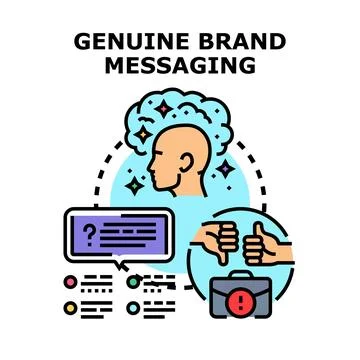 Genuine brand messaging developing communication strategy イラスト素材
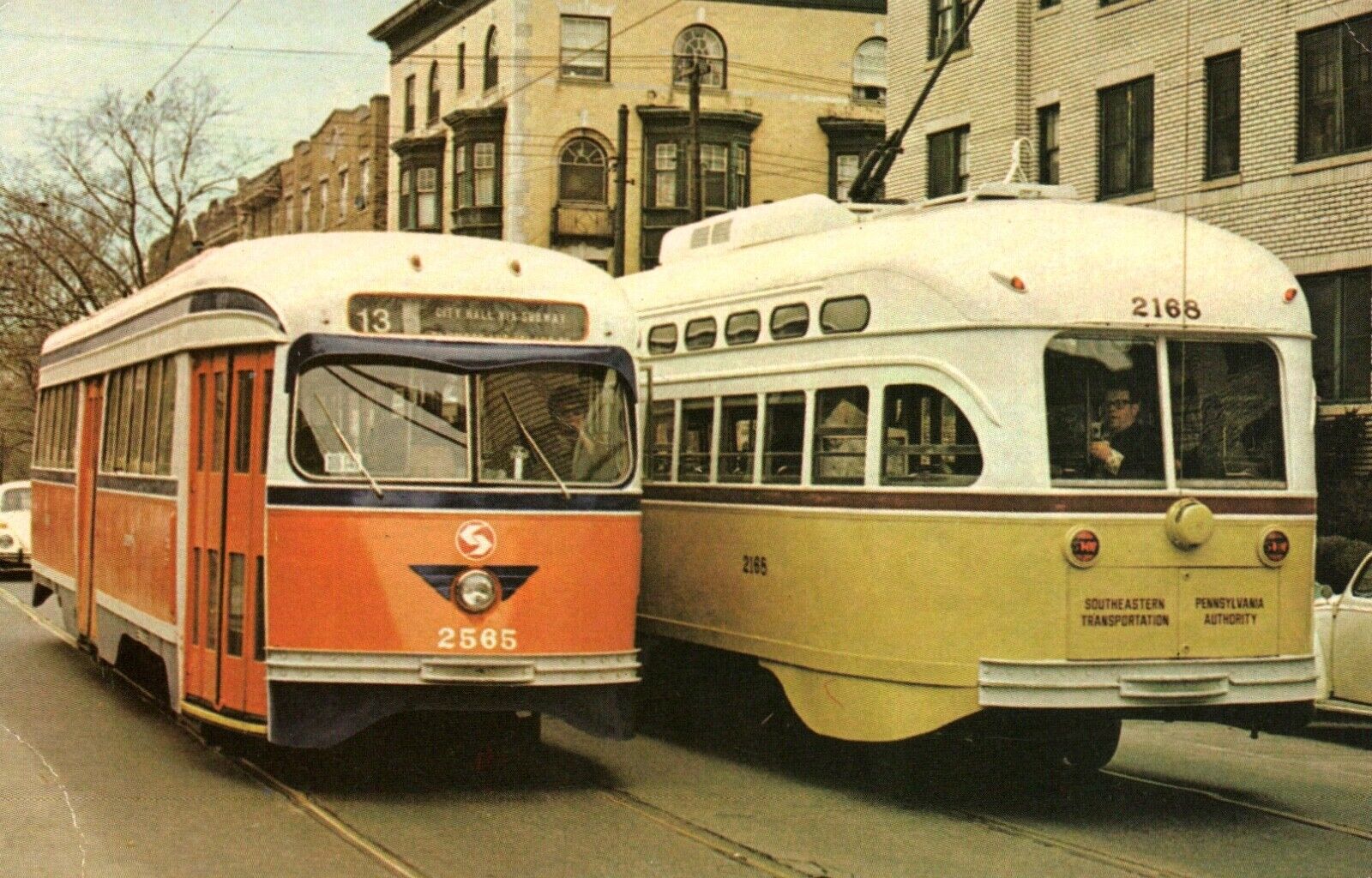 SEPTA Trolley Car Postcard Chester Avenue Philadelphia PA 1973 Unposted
● ● ●
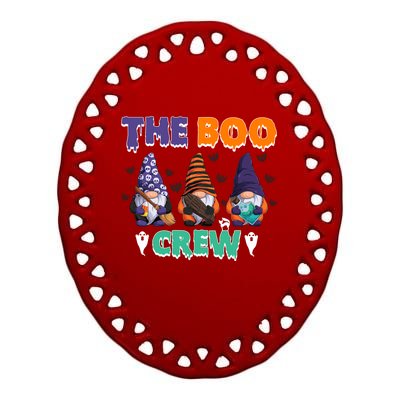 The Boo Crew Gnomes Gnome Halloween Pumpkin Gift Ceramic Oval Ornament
● ● ●
PROBLEM DETAILS
Extract from the material above the stretch running from the line containing "Genuine brand messaging" through the line containing "SEPTA Trolley Car". Keep the text exact and the pictures out.

EXERCISE OUTPUT
 Genuine brand messaging developing communication strategy イラスト素材
 SEPTA Trolley Car Postcard Chester Avenue Philadelphia PA 1973 Unposted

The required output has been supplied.